Add full reduction benchmark. (#50057)
Summary:
Pull Request resolved: https://github.com/pytorch/pytorch/pull/50057
As part of the effort to calibrate TE reduction performance, adding a full reduction benchmark.
Also add a "skip_input_transformation" option.

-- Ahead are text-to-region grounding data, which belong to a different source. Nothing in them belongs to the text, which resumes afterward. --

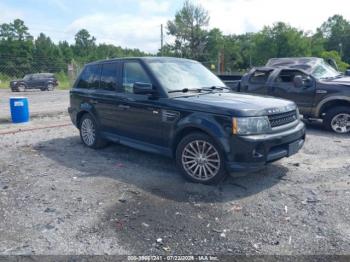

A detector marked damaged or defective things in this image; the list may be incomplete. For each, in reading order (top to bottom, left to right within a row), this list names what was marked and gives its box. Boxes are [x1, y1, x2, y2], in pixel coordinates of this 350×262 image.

damaged vehicle [69, 57, 304, 184]
damaged vehicle [239, 58, 350, 134]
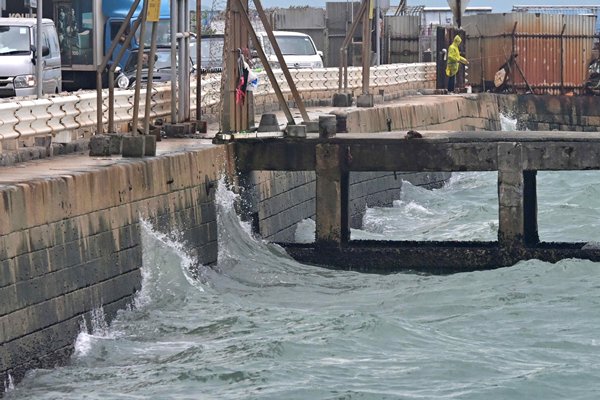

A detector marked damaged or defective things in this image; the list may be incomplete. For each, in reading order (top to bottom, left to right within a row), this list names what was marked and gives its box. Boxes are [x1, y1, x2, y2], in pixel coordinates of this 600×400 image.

rusted metal panel [386, 15, 420, 63]
rusted metal panel [464, 12, 596, 94]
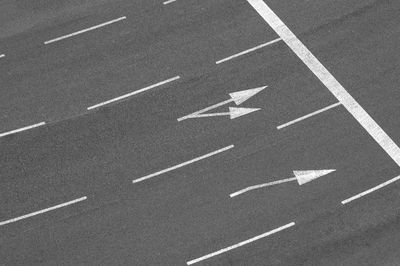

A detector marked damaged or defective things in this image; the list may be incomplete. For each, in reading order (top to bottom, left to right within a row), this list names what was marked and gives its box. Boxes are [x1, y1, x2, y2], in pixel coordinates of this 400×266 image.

broken lane line [44, 16, 126, 44]
broken lane line [216, 37, 282, 64]
broken lane line [89, 76, 181, 110]
broken lane line [247, 0, 400, 166]
broken lane line [0, 121, 45, 138]
broken lane line [278, 102, 340, 130]
broken lane line [132, 144, 234, 184]
broken lane line [342, 174, 400, 205]
broken lane line [0, 195, 87, 227]
broken lane line [186, 222, 296, 264]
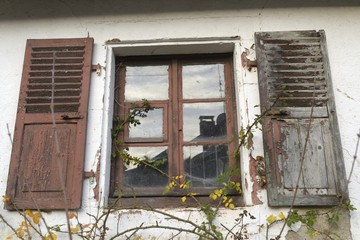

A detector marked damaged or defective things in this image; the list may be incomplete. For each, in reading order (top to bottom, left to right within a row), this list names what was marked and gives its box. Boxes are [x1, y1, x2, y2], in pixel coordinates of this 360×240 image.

Fixed other reduction benchmarks to accept specific benchmarks that was listed.
Test plans:
* python -m benchmarks.tensorexpr --device=cpu --mode=fwd reduce_full
* python -m benchmarks.tensorexpr --device=cpu --mode=fwd reduce_full_fwd_cpu_16777216_s1
* python -m benchmarks.tensorexpr --device=cpu --mode=fwd reduce_full_fwd_cpu_16777216_s0
* python -m benchmarks.tensorexpr --device=cpu --mode=fwd reduce2d_inner
* python -m benchmarks.tensorexpr --device=cpu --mode=fwd reduce2d_inner_fwd_cpu_640_524288
* python -m benchmarks.tensorexpr --device=cpu --mode=fwd reduce2d_outer
* python -m benchmarks.tensorexpr --device=cpu --mode=fwd reduce2d_outer_fwd_cpu_640_524288
Test Plan: Imported from OSS
Reviewed By: bertmaher
Differential Revision: D25774138
Pulled By: zheng-xq
fbshipit-source-id: fd4598e5c29991be476e42235a059e8021d4f083